For the first time there was a Methodist evangelism event in the Böckinger Tanzsaal Zur Krone and in the Adlersaal by the preacher Hans Jakob Breiter in 1856. In 1865 the Böckingen Methodist congregation had 19 members. One of the community members, the gardener Heinrich Hofmann, made his private apartment available for the church service. A preacher from Heilbronn then looked after the small Böckingen Methodist congregation and held a service there every 14 days. The community later looked for a new domicile and moved into the house of the Volz family on “Sträßchen”, then into the house of Georg Reinhardt in Heilbronner Strasse (later Stedinger Strasse). Georg Reinhardt, also known as Father Reinhardt , founded a Sunday school in 1874 , which in 1876 had 100 children.

Chapel and parish

In 1898 the Methodist Church was built in Seestrasse, the Böckinger Church being a branch church of the Heilbronn Methodist Church. It was not until 1904 that a second pastor position was created for Heilbronn in Böckingen and the Böckingen people received their own pastor: Jakob Adam Krögel. In 1908 the Heilbronn district was divided into Heilbronn (Frankenbach, Biberach, Großgartach, Schluchtern, Neckarsulm and Wimpfen with 335 members) and the newly formed district of Böckingen, to which Neckargartach, Sontheim, Horkheim and Obereisesheim with 220 members belonged. In 1921 the parish council of the new parish of Böckingen met. In 1923 the Böckingen community had 217 adult members and 200 children. On September 10, 1944, the chapel was destroyed in an air raid on Böckingen and Heilbronn . As a replacement, the congregation built the Christ Church after the war , which was consecrated on December 4, 1949.

architecture

Moosbrugger used portal walls with fine relief , coupled pointed arch windows as well as three-pass windows and a cross on the top of the gable to present the building as a sacred space:

On July 31 [1897] Moosbrugger submitted cost estimates, floor plans and two views.

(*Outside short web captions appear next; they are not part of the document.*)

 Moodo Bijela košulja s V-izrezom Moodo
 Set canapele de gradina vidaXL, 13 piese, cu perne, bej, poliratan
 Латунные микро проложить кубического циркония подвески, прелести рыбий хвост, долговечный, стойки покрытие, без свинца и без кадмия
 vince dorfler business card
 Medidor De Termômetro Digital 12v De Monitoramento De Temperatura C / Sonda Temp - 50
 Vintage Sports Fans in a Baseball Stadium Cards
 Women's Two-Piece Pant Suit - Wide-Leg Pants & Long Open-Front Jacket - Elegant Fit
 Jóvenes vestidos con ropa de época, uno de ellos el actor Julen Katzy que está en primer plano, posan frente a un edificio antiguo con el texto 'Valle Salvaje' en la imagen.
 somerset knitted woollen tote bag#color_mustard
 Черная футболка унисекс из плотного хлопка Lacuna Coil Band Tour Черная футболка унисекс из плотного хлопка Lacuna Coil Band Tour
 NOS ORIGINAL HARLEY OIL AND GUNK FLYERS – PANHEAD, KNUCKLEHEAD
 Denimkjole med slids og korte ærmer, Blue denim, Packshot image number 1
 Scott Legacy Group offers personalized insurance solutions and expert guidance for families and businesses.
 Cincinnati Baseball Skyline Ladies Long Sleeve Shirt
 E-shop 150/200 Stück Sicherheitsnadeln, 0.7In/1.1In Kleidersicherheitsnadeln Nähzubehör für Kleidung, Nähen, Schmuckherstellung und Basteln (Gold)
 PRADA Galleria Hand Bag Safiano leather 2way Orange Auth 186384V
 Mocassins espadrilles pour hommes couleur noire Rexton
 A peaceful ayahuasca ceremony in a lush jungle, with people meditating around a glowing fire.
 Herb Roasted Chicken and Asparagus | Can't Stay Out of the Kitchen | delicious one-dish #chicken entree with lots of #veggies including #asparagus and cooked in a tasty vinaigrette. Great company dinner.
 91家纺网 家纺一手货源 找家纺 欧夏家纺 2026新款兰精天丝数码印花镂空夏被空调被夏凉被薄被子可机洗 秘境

The sensitive brick building, only 17 meters long, looked almost like a residential building on its broad side. The architect identified the narrow view side as a sacred space: with its finely reliefed portal walls, coupled pointed arched windows and a three-pass window above and a cross on the top of the gable. On the opposite narrow side there was a small 3/8 choir room . "

literature

  • Böckingen am See. A district of Heilbronn - yesterday and today . Heilbronn City Archives, Heilbronn 1998, ISBN 3-928990-65-9 , p. 389 ( Publications of the Heilbronn City Archives. Volume 37)

Individual evidence

  1. Joachim Hennze: A master of representative building. Theodor Moosbrugger (1851-1923). In: Christhard Schrenk (Hrsg.): Heilbronner Köpfe V. Pictures of life from five centuries. Heilbronn City Archives, Heilbronn 2009, ISBN 978-3-940646-05-7 ( Small series of publications by the Heilbronn City Archives. Volume 56), pp. 131–148, p. 136.